— What you will do —
Write out all the records exactly, and keep any images out.

(Crawled caption data)
====================
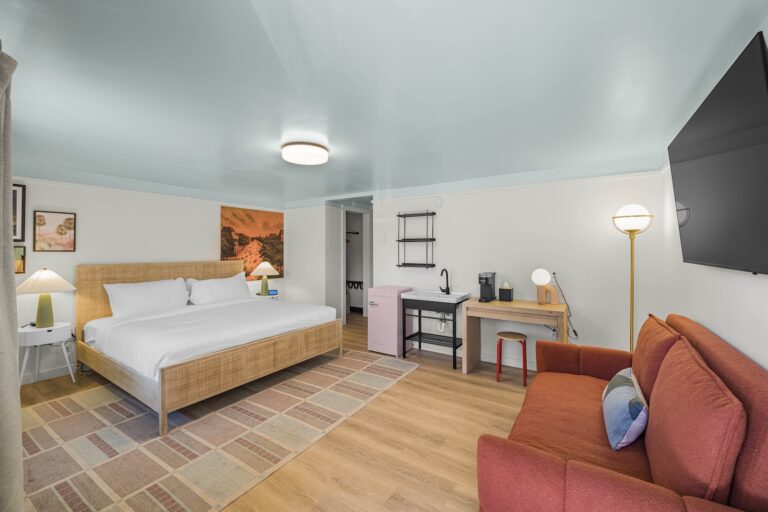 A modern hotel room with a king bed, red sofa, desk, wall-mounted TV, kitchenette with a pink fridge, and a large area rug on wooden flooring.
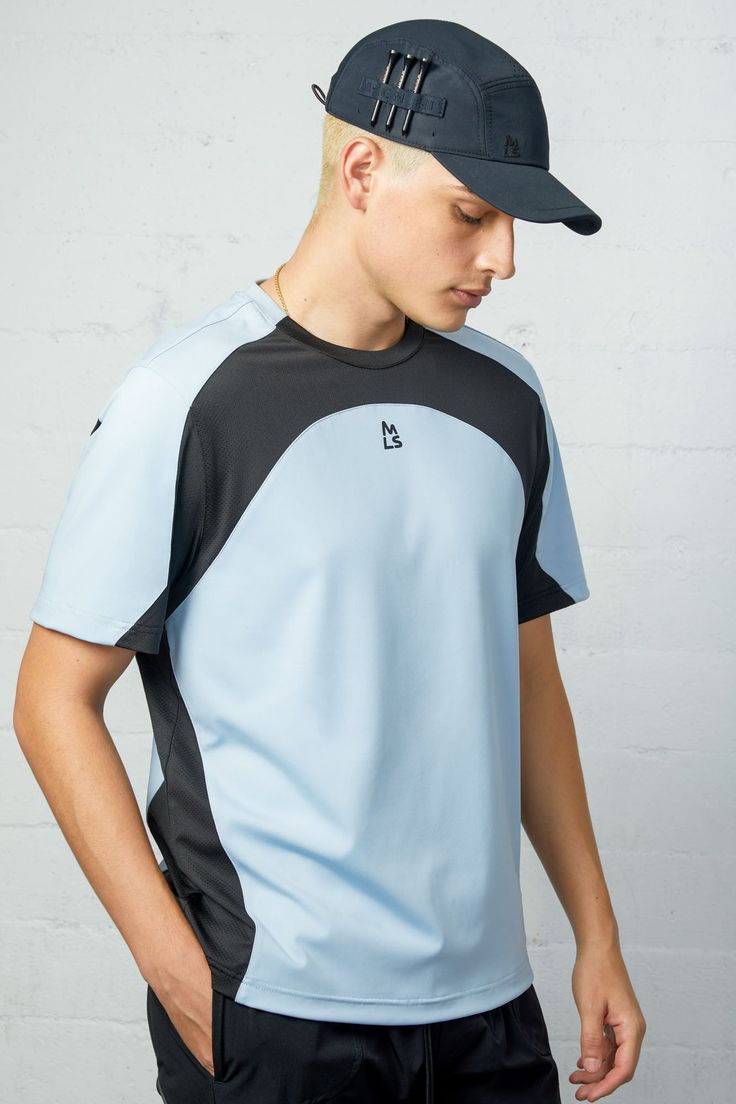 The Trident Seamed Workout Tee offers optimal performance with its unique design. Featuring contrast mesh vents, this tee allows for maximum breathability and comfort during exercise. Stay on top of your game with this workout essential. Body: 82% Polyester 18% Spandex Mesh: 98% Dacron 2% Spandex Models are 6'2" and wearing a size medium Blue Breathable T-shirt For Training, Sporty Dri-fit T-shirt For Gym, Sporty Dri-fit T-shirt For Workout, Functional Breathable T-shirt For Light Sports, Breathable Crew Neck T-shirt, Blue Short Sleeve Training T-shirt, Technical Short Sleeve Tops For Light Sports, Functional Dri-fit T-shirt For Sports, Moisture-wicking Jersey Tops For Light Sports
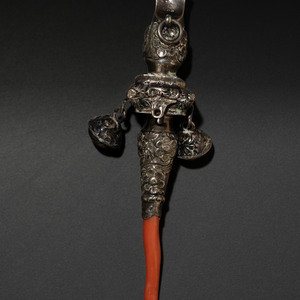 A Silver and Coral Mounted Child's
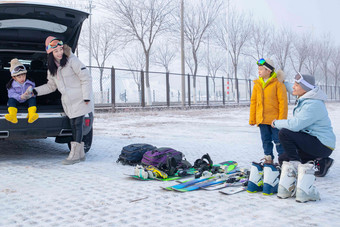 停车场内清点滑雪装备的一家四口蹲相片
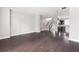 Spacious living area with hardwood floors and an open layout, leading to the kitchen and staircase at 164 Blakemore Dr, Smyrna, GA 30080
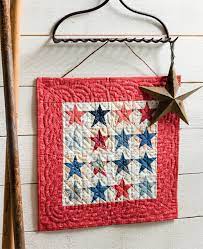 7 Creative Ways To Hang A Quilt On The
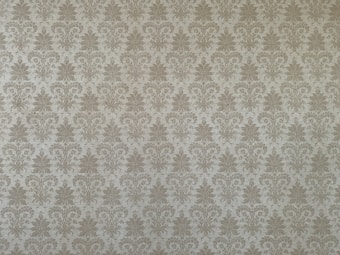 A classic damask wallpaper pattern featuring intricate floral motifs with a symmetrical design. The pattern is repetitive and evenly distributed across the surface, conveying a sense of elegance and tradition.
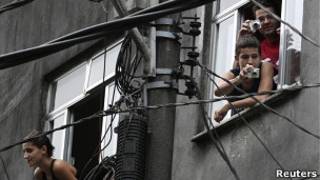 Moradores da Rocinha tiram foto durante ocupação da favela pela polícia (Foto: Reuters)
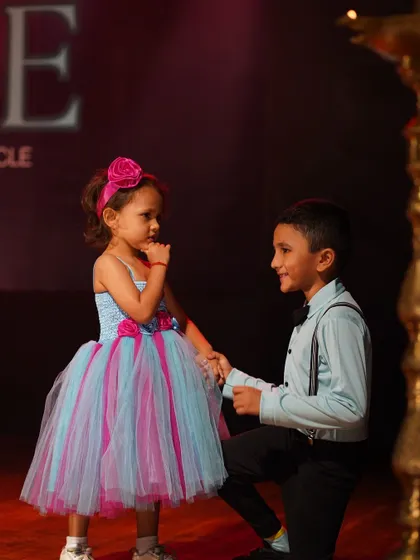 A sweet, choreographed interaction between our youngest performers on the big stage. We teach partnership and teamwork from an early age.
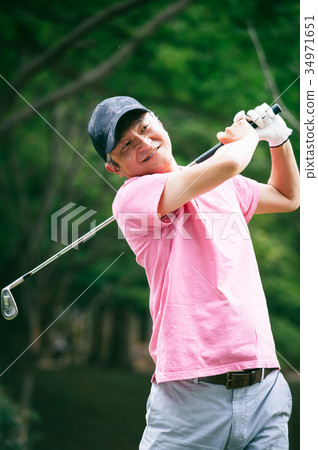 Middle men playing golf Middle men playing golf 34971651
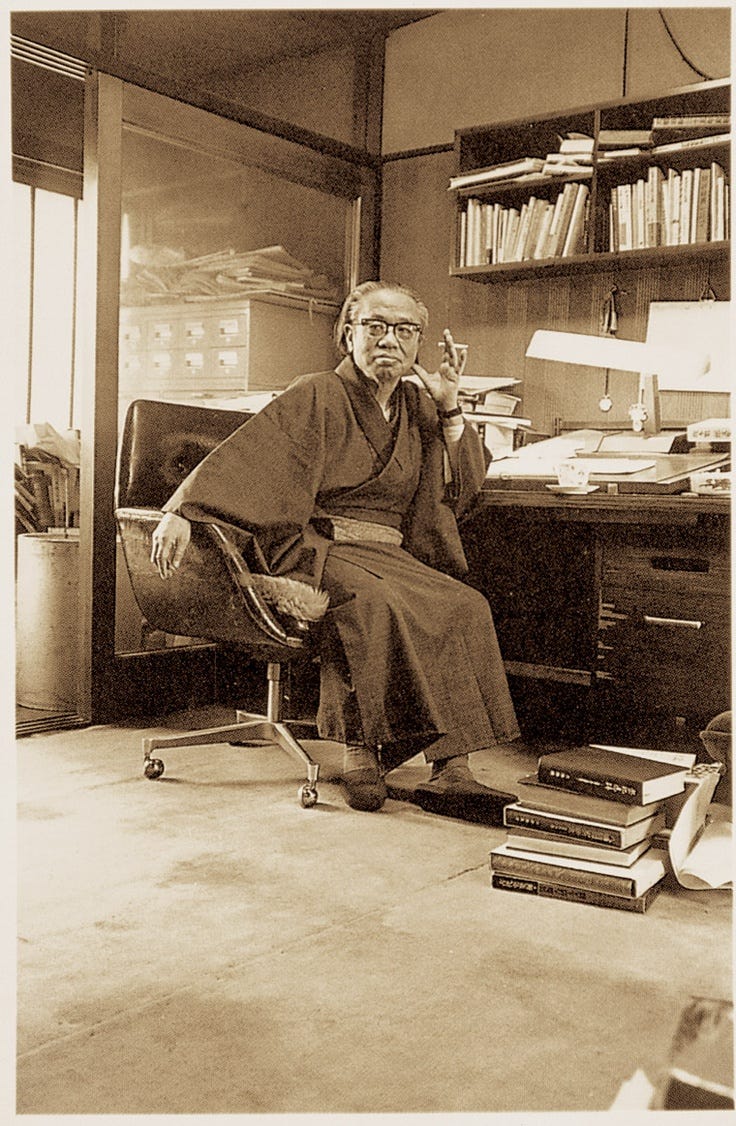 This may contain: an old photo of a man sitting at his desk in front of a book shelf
====================
— Written solution —
 A modern hotel room with a king bed, red sofa, desk, wall-mounted TV, kitchenette with a pink fridge, and a large area rug on wooden flooring.
 The Trident Seamed Workout Tee offers optimal performance with its unique design. Featuring contrast mesh vents, this tee allows for maximum breathability and comfort during exercise. Stay on top of your game with this workout essential. Body: 82% Polyester 18% Spandex Mesh: 98% Dacron 2% Spandex Models are 6'2" and wearing a size medium Blue Breathable T-shirt For Training, Sporty Dri-fit T-shirt For Gym, Sporty Dri-fit T-shirt For Workout, Functional Breathable T-shirt For Light Sports, Breathable Crew Neck T-shirt, Blue Short Sleeve Training T-shirt, Technical Short Sleeve Tops For Light Sports, Functional Dri-fit T-shirt For Sports, Moisture-wicking Jersey Tops For Light Sports
 A Silver and Coral Mounted Child's
 停车场内清点滑雪装备的一家四口蹲相片
 Spacious living area with hardwood floors and an open layout, leading to the kitchen and staircase at 164 Blakemore Dr, Smyrna, GA 30080
 7 Creative Ways To Hang A Quilt On The
 A classic damask wallpaper pattern featuring intricate floral motifs with a symmetrical design. The pattern is repetitive and evenly distributed across the surface, conveying a sense of elegance and tradition.
 Moradores da Rocinha tiram foto durante ocupação da favela pela polícia (Foto: Reuters)
 A sweet, choreographed interaction between our youngest performers on the big stage. We teach partnership and teamwork from an early age.
 Middle men playing golf Middle men playing golf 34971651
 This may contain: an old photo of a man sitting at his desk in front of a book shelf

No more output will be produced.